The preceding paragraph underscores my point: teachers disparage the research that is produced in the field, yet they neither actually read it nor do they engage in their own action research. They want to make decisions on teaching based on how it “feels,” rather than what has been proved to work in similar classrooms with similar demographics. Or, worse, they continue to do things that have been demonstrated NOT to work, and not just in other classrooms with similar demographics, but in their own classrooms.
Until teachers begin to acquaint themselves with the research base and to contribute to it by conducting their own classrooms as action research laboratories (which is essentially what the National Board for Professional Teaching Standards outlines in its certification process), they will never gain the respect commensurate with medical professionals.
ScienceTeacher671 expresses precisely the type of comment that most teachers hurl when confronted with the simple fact that they are not researchers or scholars: “Oh yeah? Well, neither is anyone in admin or DOE.” That’s just ridiculous. While there are no doubt some weak administrators out there, there are many, many of them who not only know the research base, but they contribute to it as well. I know a substantial number of folks at GaDOE, the SC state department of education, the NC department of public instruction, and the Massachusetts department of elementary & secondary education. They are well-grounded in the knowledge base.

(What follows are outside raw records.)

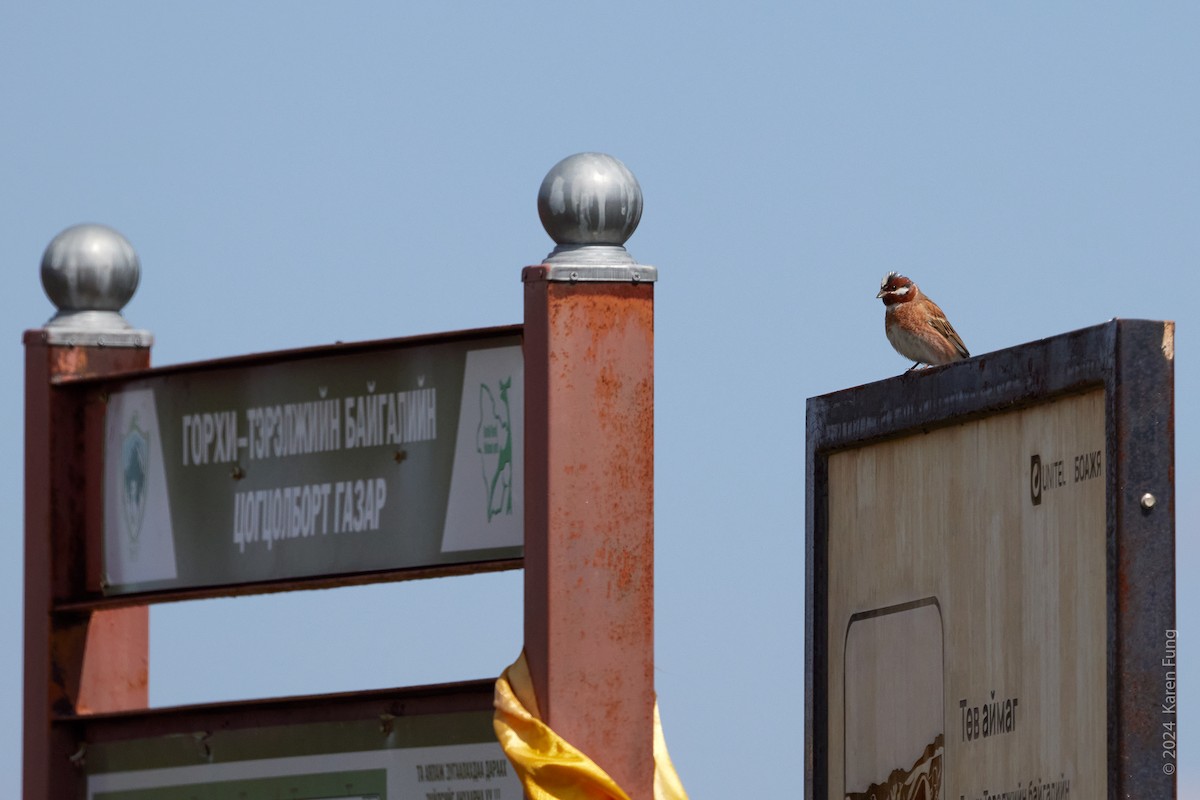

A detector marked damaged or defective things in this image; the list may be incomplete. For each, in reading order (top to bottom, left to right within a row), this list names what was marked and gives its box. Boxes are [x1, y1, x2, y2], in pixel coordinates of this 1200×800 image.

rusty orange metal post [23, 221, 153, 796]
rusty orange metal post [523, 153, 657, 796]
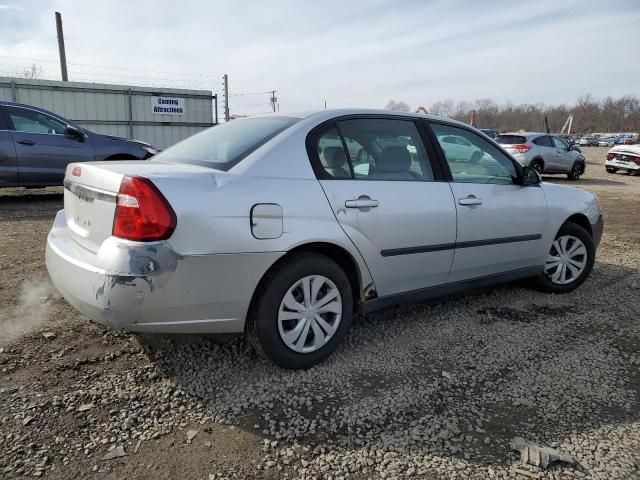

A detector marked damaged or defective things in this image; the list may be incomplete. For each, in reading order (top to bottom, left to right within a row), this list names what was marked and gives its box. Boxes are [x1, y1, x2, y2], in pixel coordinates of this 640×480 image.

rear bumper damage [46, 210, 282, 334]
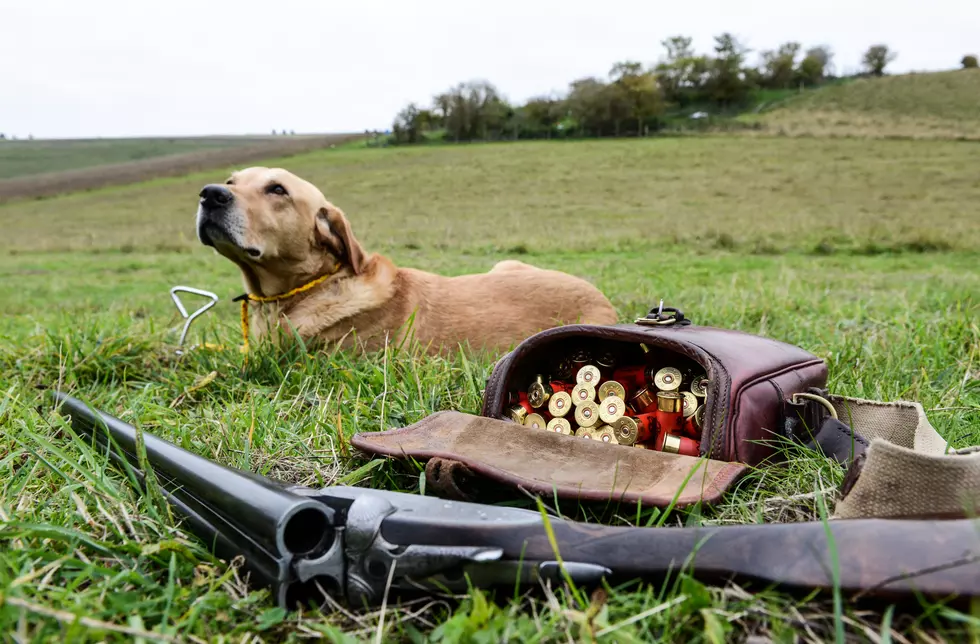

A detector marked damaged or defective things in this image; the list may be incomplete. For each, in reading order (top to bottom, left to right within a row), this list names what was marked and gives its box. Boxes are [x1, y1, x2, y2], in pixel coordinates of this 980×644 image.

broken-open shotgun [49, 390, 980, 612]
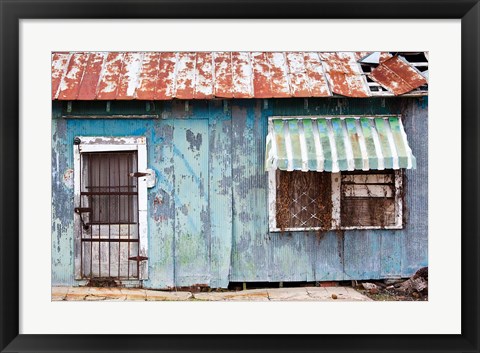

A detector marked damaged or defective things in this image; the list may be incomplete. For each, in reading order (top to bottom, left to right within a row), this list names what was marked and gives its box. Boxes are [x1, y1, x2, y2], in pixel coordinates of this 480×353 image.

rusted metal sheet [51, 50, 428, 99]
rusty metal roof [51, 51, 428, 99]
rust stain [52, 50, 428, 99]
rusted metal sheet [320, 51, 370, 97]
rusted metal sheet [370, 55, 426, 95]
rust stain [372, 55, 428, 94]
peeling paint wall [52, 95, 428, 286]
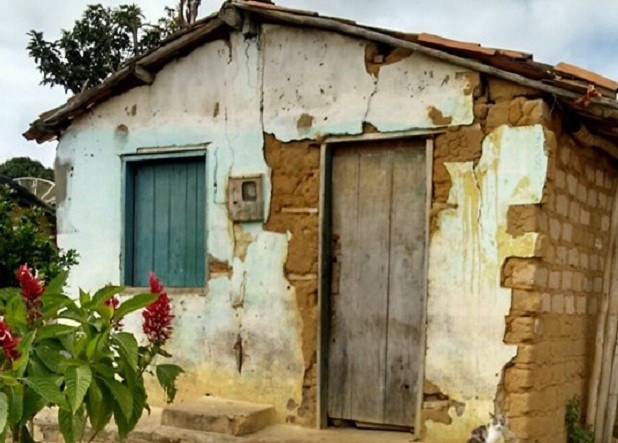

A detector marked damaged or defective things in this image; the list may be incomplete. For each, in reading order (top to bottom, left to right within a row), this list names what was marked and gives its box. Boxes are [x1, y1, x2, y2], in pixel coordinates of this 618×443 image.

peeling white paint [426, 125, 548, 440]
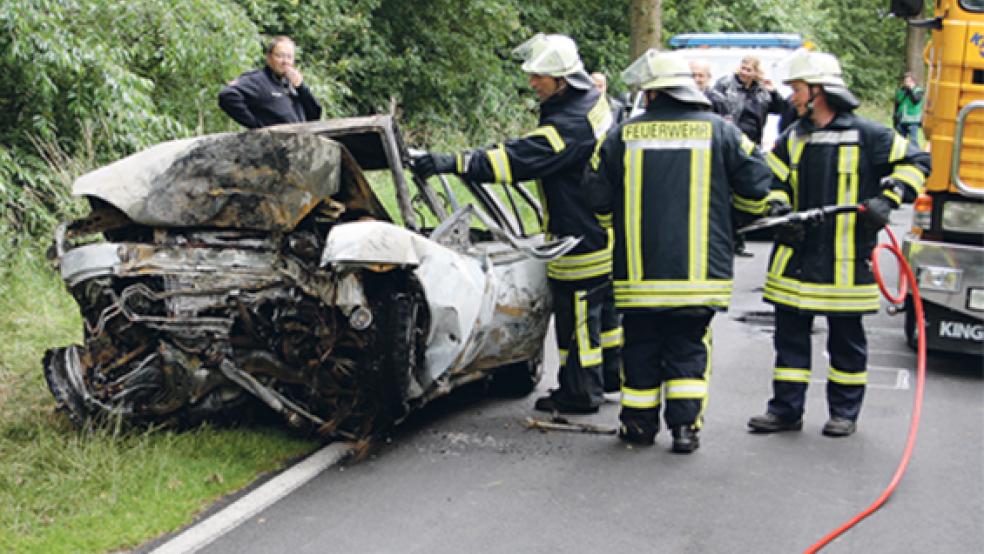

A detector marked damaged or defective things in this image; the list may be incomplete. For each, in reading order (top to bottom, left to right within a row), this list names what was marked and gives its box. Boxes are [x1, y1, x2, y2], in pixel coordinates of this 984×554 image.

crumpled car hood [73, 128, 342, 230]
burned car body [44, 115, 568, 436]
wrecked car [42, 114, 572, 438]
charred car interior [44, 115, 576, 440]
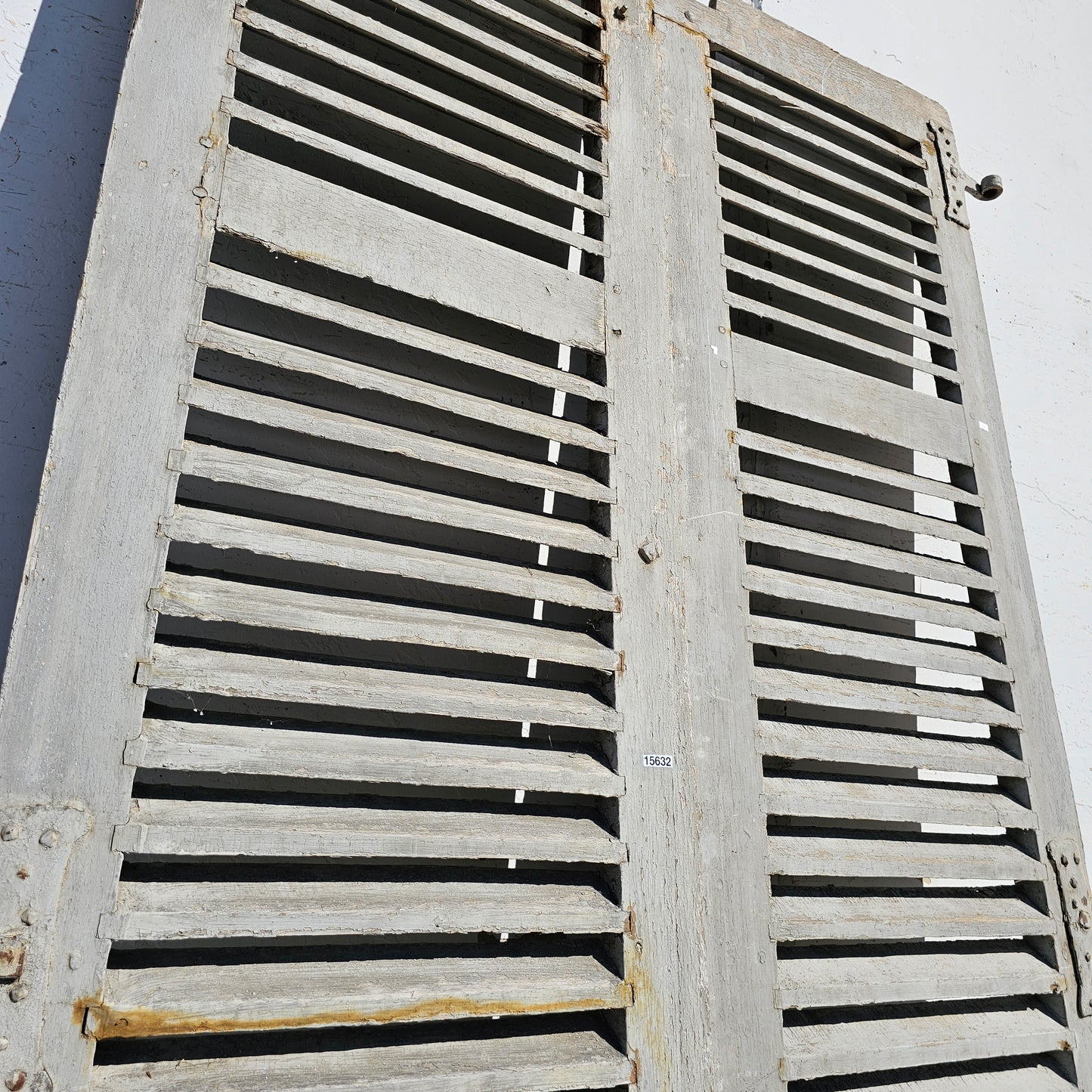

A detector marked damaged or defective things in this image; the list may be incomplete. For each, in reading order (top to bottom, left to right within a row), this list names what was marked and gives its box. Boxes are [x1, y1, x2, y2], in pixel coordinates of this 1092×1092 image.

rusty iron hinge [926, 120, 1000, 227]
rusty iron hinge [1044, 838, 1092, 1017]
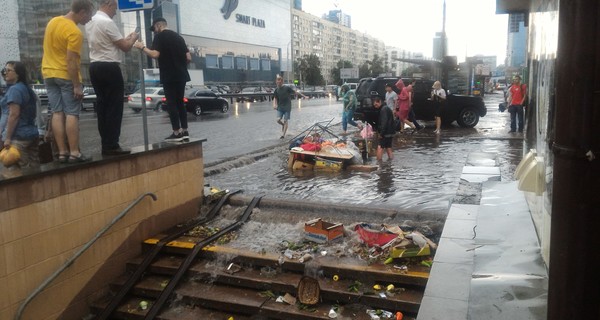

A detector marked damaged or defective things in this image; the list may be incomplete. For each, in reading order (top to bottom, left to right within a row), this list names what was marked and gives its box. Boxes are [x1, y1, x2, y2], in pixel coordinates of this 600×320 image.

bent metal railing [14, 192, 158, 320]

mountain man’s sarcasm is likewise the resort of those who haven’t bothered to do the actual reading. The main problem has not been “social promotion”–which is in fact a symptom of a much larger underlying problem. The issues contributing to social promotion are complex; one assumption of many people is that the quality and type of instruction provided to all students in every classroom is equally strong and effective and that all teachers are equally competent and capable, and if a student didn’t “get it,” then the problem lies with the student. Above the primary and young elementary grades, there is not a whole lot of effective remediation that occurs in many schools. Much of the time it is simply reteaching the same concepts the same way, adjusting only the size of the group (via pullout or after school tutorial) and the amount of time spent–but the teaching is still done essentially the same way.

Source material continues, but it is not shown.